We are not interested in the means and medians currently, so we won't select those columns when we do out pivot.
The 9 income bracket columns will shrink to 1 column, and 1 column will be added to hold the percentage value, so we should expect 6 columns: year, race, number of households, income bracket, and percentile.

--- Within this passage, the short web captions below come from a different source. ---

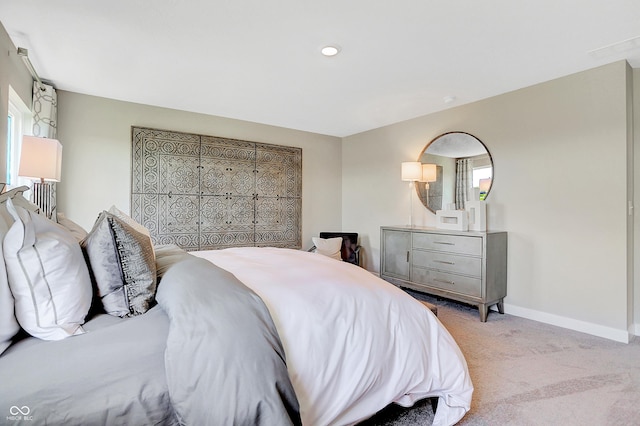 bedroom featuring light colored carpet and baseboards
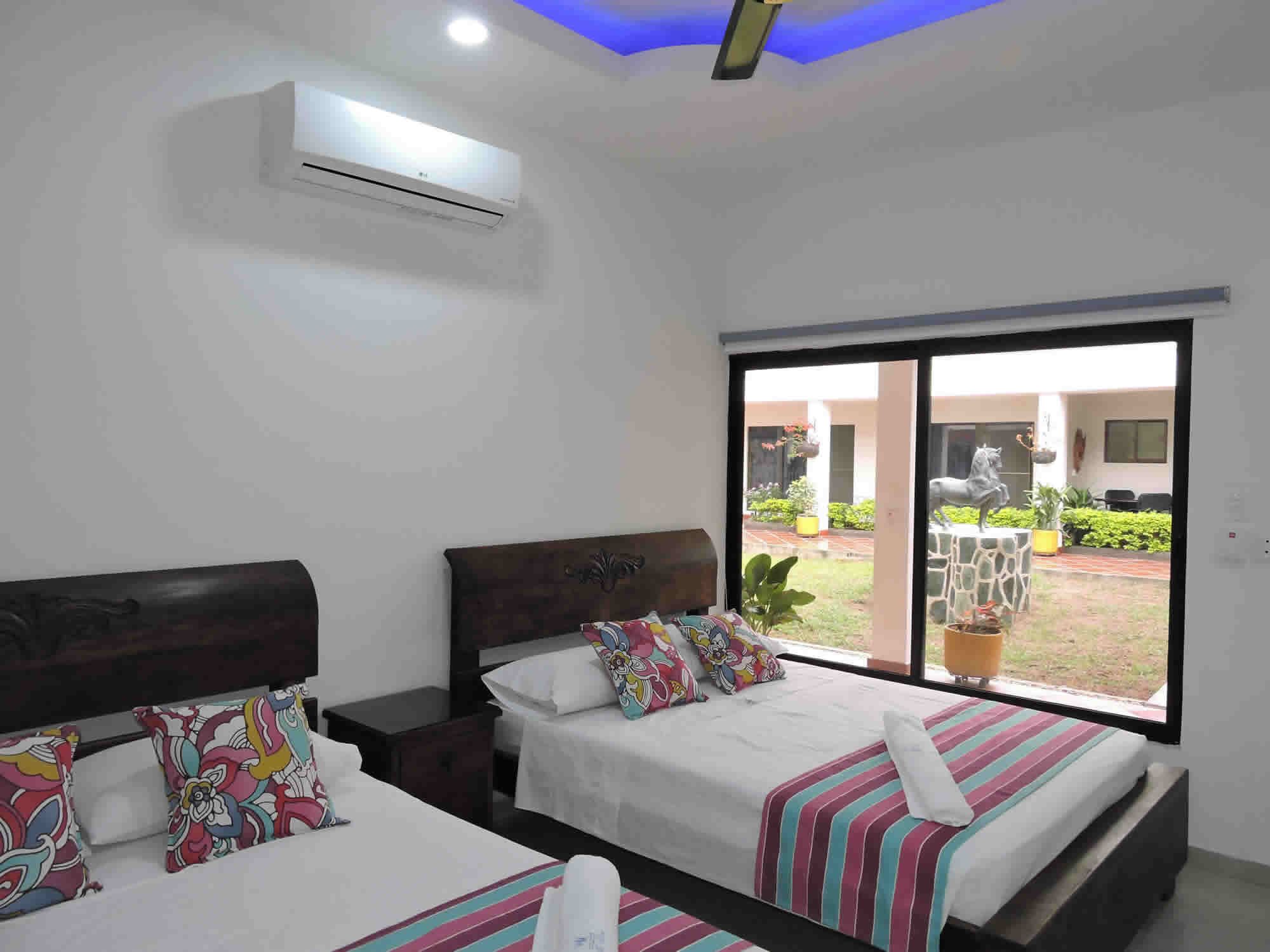 Habitación de hotel con dos camas, almohadas coloridas, un ventanal grande y un equipo de aire acondicionado.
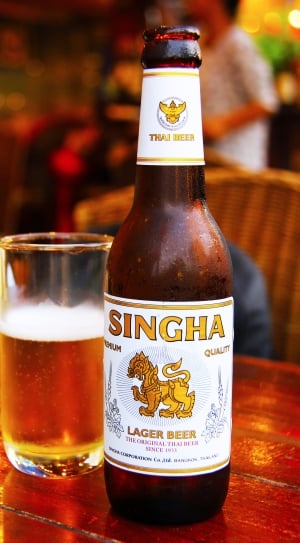 Singha Lager Beer beside of clear drinking glass thumbnail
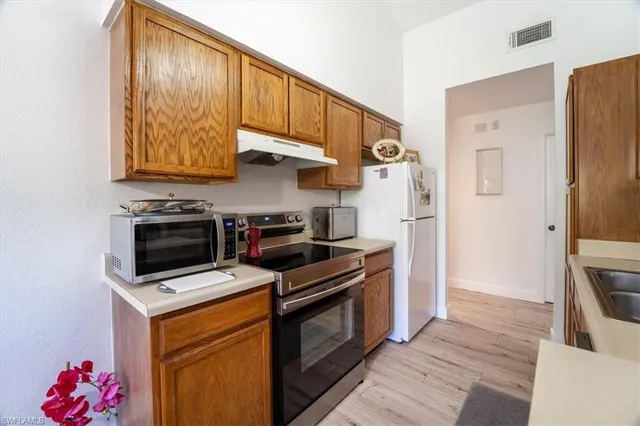 a kitchen with stainless steel appliances granite countertop a stove a refrigerator and a microwave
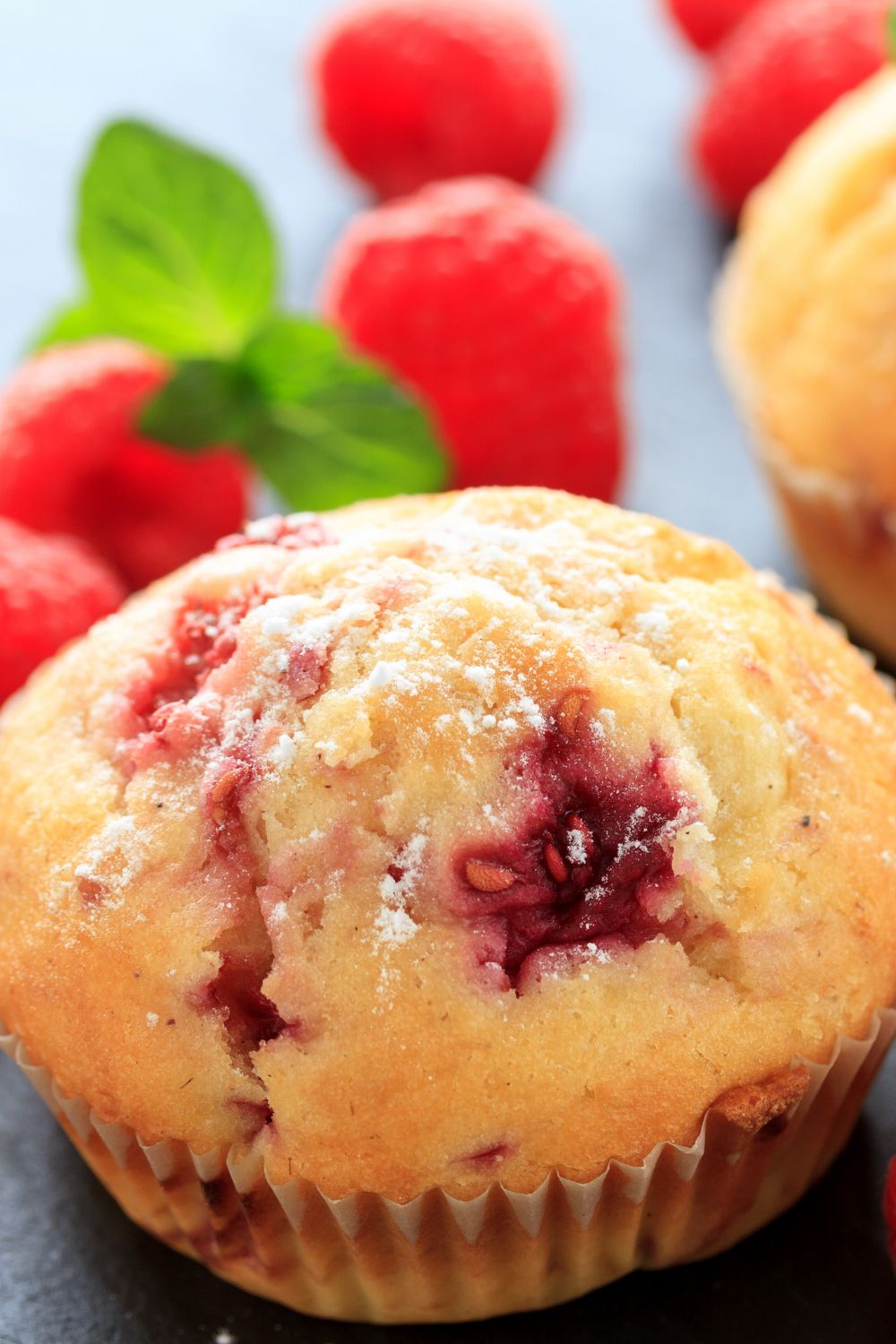 raspberry muffin with raspberries in the background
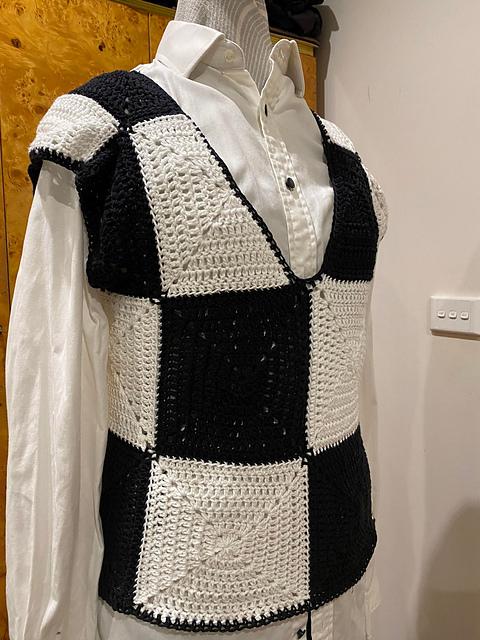 Wednesday Addams' loose black&white check vest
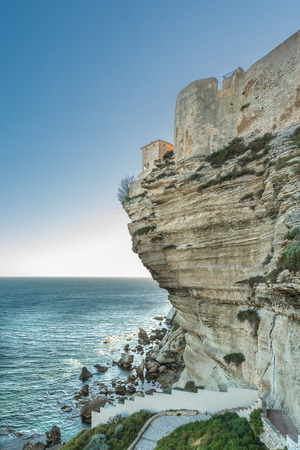 The citadel, wall and houses of Bonifacio in the south of Corsica perched on towering white cliffs and looking down on the evening sun glinting on the Mediterranean seaの写真素材
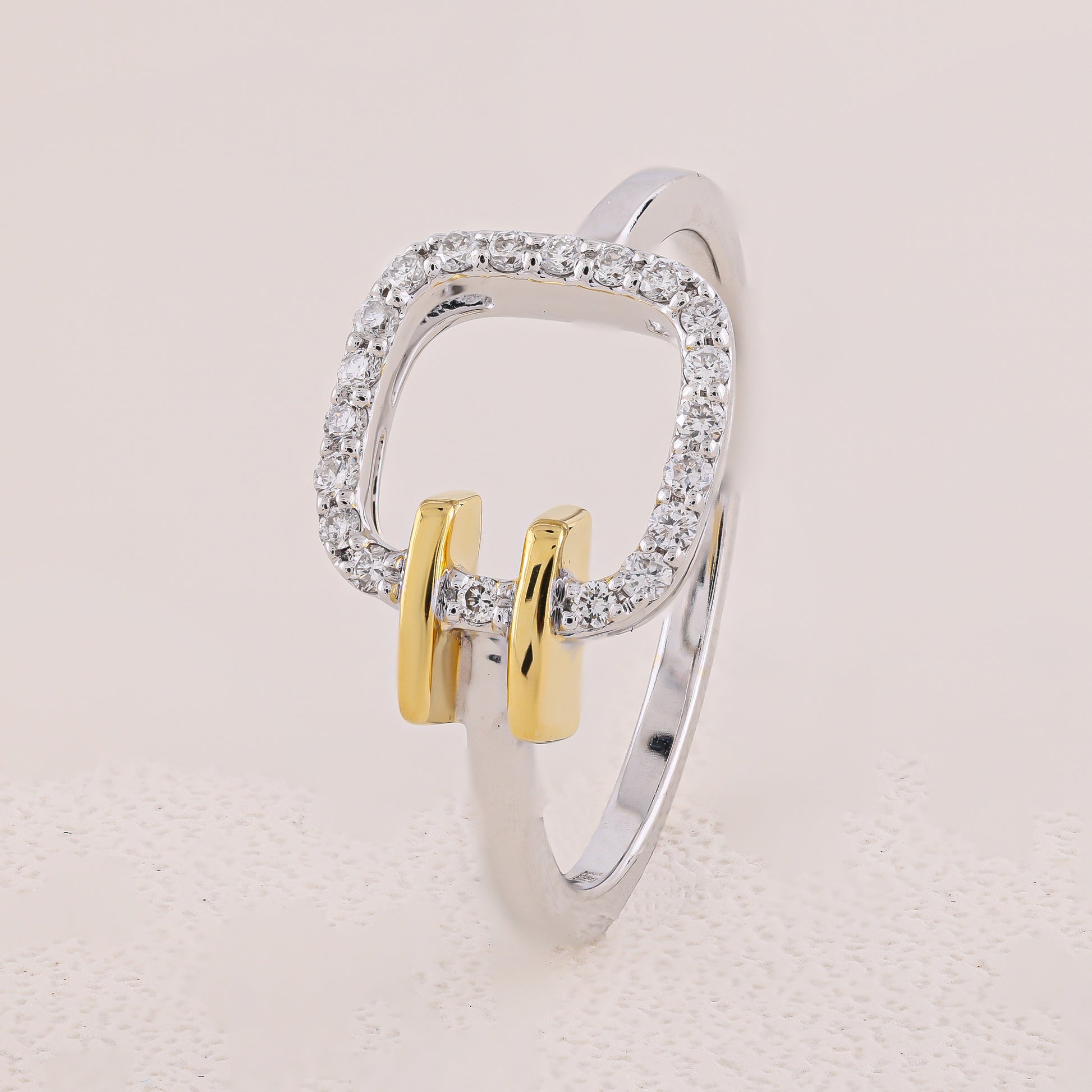 Silver and gold ring with diamond accents on a light beige background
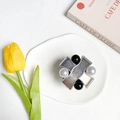 Detail of elegant silver metal hair clip with white pearls and black beads on a white tray - Metal Stand-X Pearl-Silver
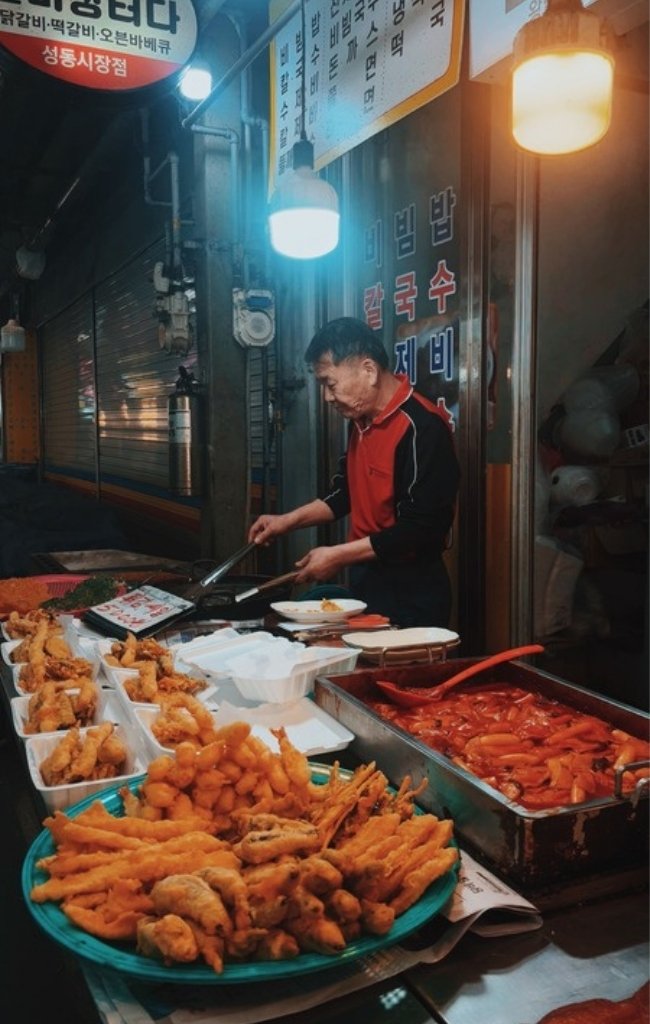 A night market vendor preparing street food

Thus, we expect our output to be 2115 rows and 6 columns,
## Pivot the Data
```{r}
#FInally, I used solution code again here. Pivot_longer was a function that I was confused
#about, but the solution made thigns very clear, as we are reducing the income columns to see
#them as rows instead.
#The second part gives more description to the income bracket types.
brackets <-data%>%
ungroup()%>%
select(year, gp_identity, hholds, starts_with("income"))%>%
pivot_longer(cols=starts_with("income"),
names_prefix= "income_",
names_to = "income_bracket",
values_to = "percent")%>%
mutate(hholds_bracket = round(hholds*(percent/100)),
income_bracket = recode(income_bracket,!!!income_brackets))
brackets
nrow(brackets)
ncol(brackets)
```
We can see that our rows and columns are as expected, and we now have a nice table showing the percent of households of each race in every income bracket in any given year.
### Credit
I found myself stuck on various data cleaning steps in this exercise, as well as figuring out how to use pivot tables to get the data in the way we wanted, so I followed the code from the solutions for this exercise.
Overall, I needed some help wit hexamples of how to apply R functions to clean data and change it into a more useful form, and I will hopefulyl have a much easier time doing so in future challenges and assignments.